Racegoers must wait for his much-anticipated first meeting with Sprinter Sacre, however, as Henderson will aim him instead for the Desert Orchid Chase at Kempton, the race in which he dramatically lost his unbeaten record over fences two years ago when he was pulled up with an irregular heartbeat. A head-to-head between Un De Sceaux and Sprinter Sacre may now be delayed until the Champion Chase in March, for which Sprinter Sacre is currently second-favourite at 4-1.
“I talked to Caroline Mould [the owner of Sprinter Sacre] over the weekend,” Henderson said in a blog on the Stan James betting site on Monday.
“He’s in really, really good form but, having got him into good shape and the right place, he just doesn’t need another race at the moment and it’s as simple as that.
“The Desert Orchid at Kempton is the likely place for him and if he needs another run before Cheltenham [in March], fine.
“The Shloer [Chase, at Cheltenham, where Sprinter Sacre won for the first time since April 2013] was only three weeks ago and he has come out of it really well.
“It would be a hard race if Un De Sceaux ran and a hard race in soft ground is not what we want on top of a really good run like that. We don’t need to run him again. We’re not going to learn anything.”
Aintree racecourse attempted to dispel speculation surrounding the sponsorship of the Grand National on Monday, following a report in the Racing Post which suggested that Crabbie’s will not renew its support of the race when its current contract expires are this season’s running in April 2016.

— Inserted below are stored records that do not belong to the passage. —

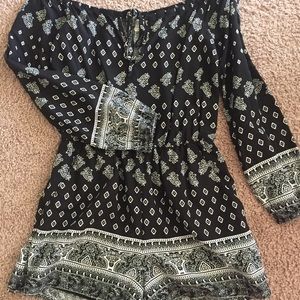 Off the shoulder patterned romper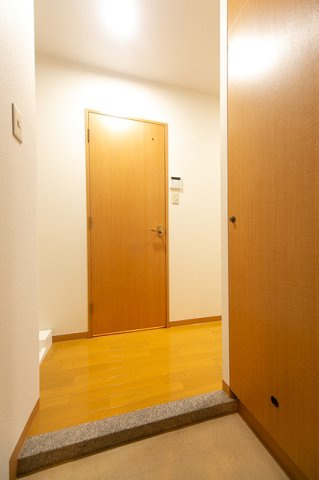 エスペラル池袋の玄関|※写真は同タイプ住戸です。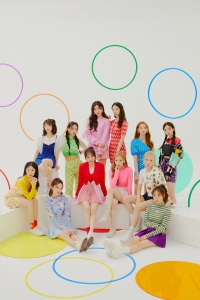 LOONA（今月の少女） 9月15日（水）に日本デビューシングル「HULA HOOP/ StarSeed 〜カクセイ〜」デジタル先行配信を記念してオンライントークイベントの開催が決定！アーティスト写真も公開に！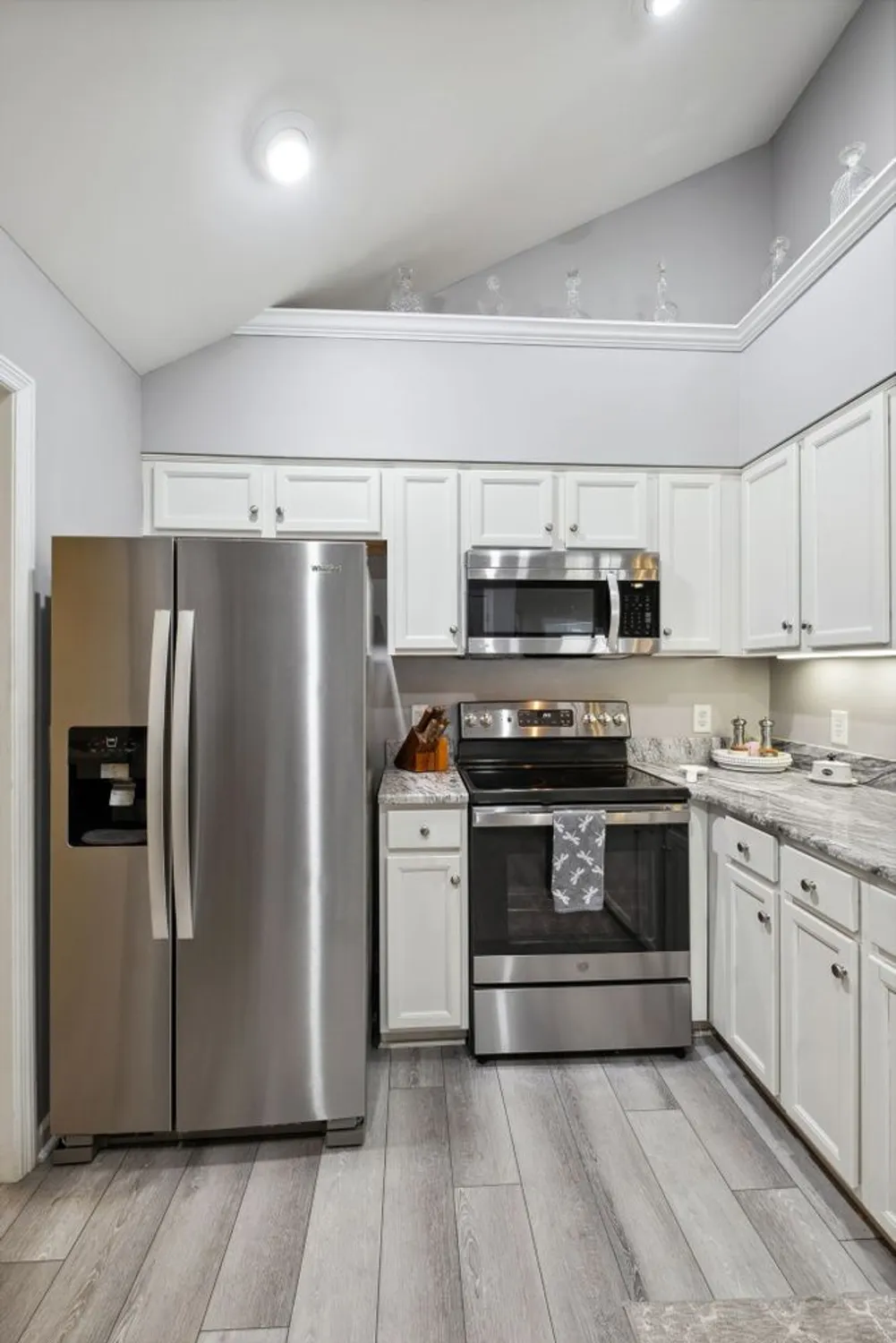 Property Slideshow image 15 of 32 | 825 s browns ln 1501, Gallatin, TN, 37066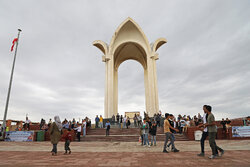 نکوداشت زاد روز شاعر ترکمن «مختومقلی فراغی»
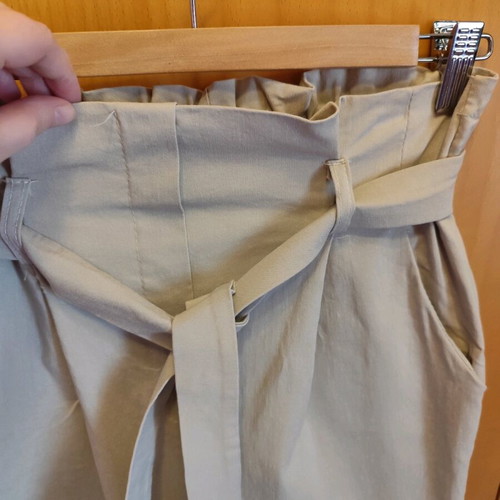 Paperbag pants beige Zara like new with elastic waist and belt
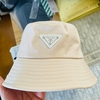 prada 帽子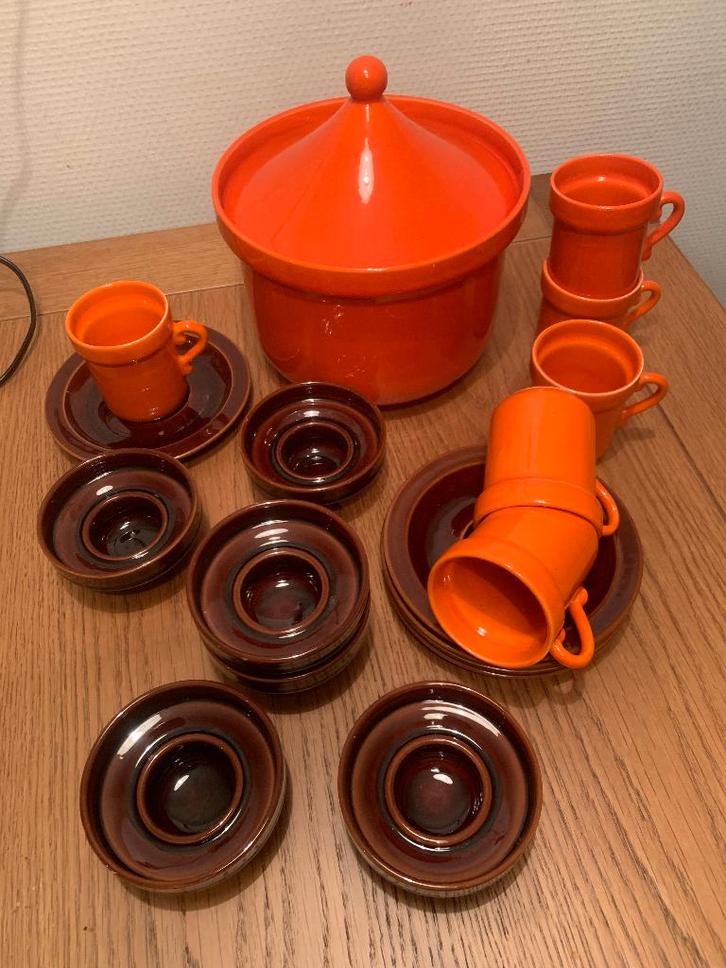 Oranje Huizen Holland stoofpot kopjes schotels eierdopjes, Huis en Inrichting, Keuken | Servies, Zo goed als nieuw, Kop(pen) en/of Schotel(s)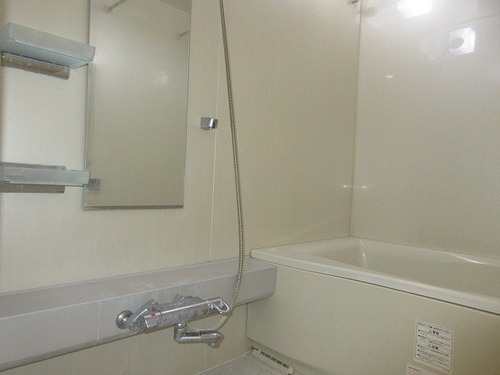 バス・シャワールーム　浴室（内装前）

“We are discussing the future sponsorship of the Crabbie’s Grand National with Halewood International,” John Baker, who is in charge of Aintree in his role as north-west regional director of Jockey Club racecourses, said on Monday. “[We are] two runnings into a contracted three-year agreement, and no decisions have been made by either party about rights from 2017 at this stage.”